# PROBLEM STATEMENT:
Once the line containing "Gebraucht Opel Omega" is reached, copy it and every line after it exactly, to the end of the material, without pictures.

# EXERCISE DATA:
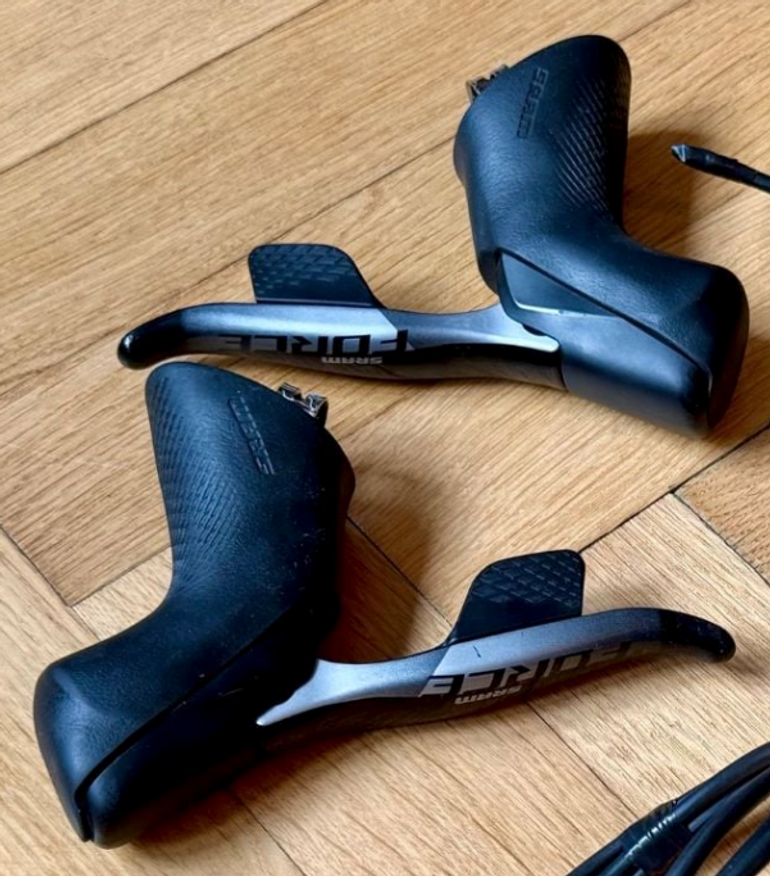 Used Sram Force eTap AXS 2x12-Speed HRD Groupset bike — image 2 of 3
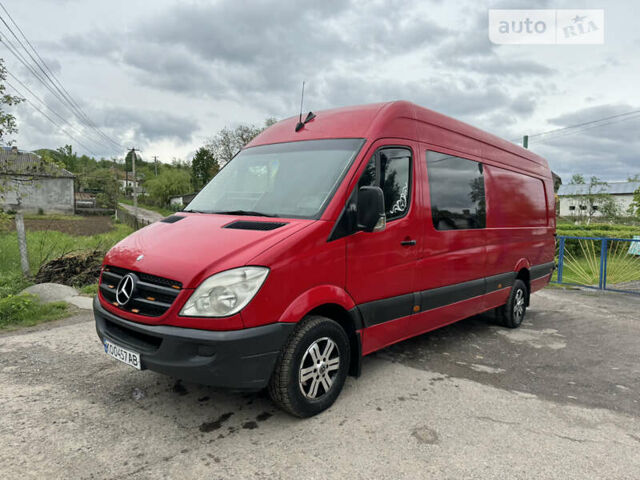 Красный Мерседес Sprinter, объемом двигателя 2.15 л и пробегом 500 тыс. км за 12999 $, фото 2 на Automoto.ua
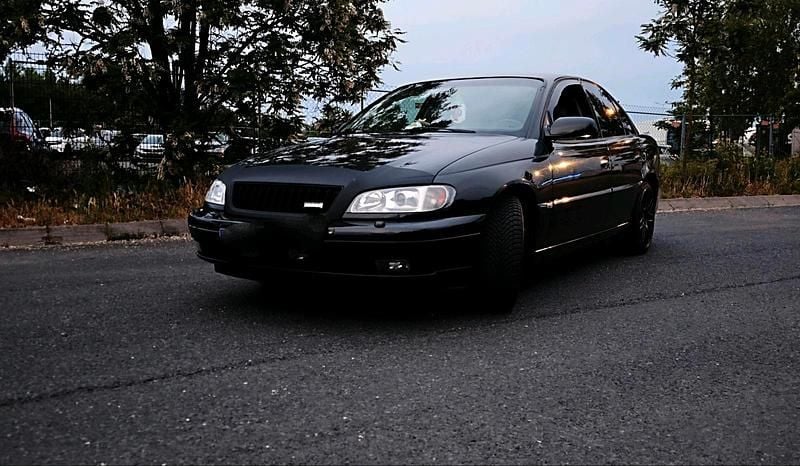 Gebraucht Opel Omega 144 PS (105 kW) 2001 Schwarz Limousine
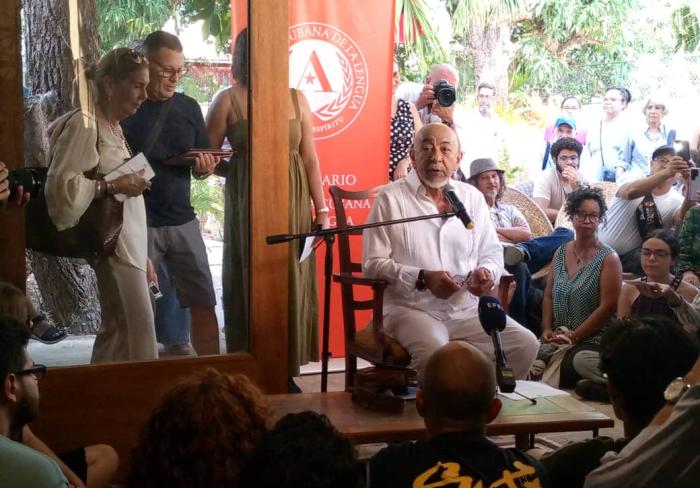 Leonardo Padura Fuentes (La Habana, 9 de octubre de 1955), impartió la conferencia “Cómo se escribe una novela”, que tuvo lugar el pasado viernes 17, en la Galería Cairostudio de El Vedado capitalino, auspiciada por la Academia Cubana de la Lengua, Aurelia Ediciones y la Embajada de España.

# SOLVED PROBLEM:
 Gebraucht Opel Omega 144 PS (105 kW) 2001 Schwarz Limousine
 Leonardo Padura Fuentes (La Habana, 9 de octubre de 1955), impartió la conferencia “Cómo se escribe una novela”, que tuvo lugar el pasado viernes 17, en la Galería Cairostudio de El Vedado capitalino, auspiciada por la Academia Cubana de la Lengua, Aurelia Ediciones y la Embajada de España.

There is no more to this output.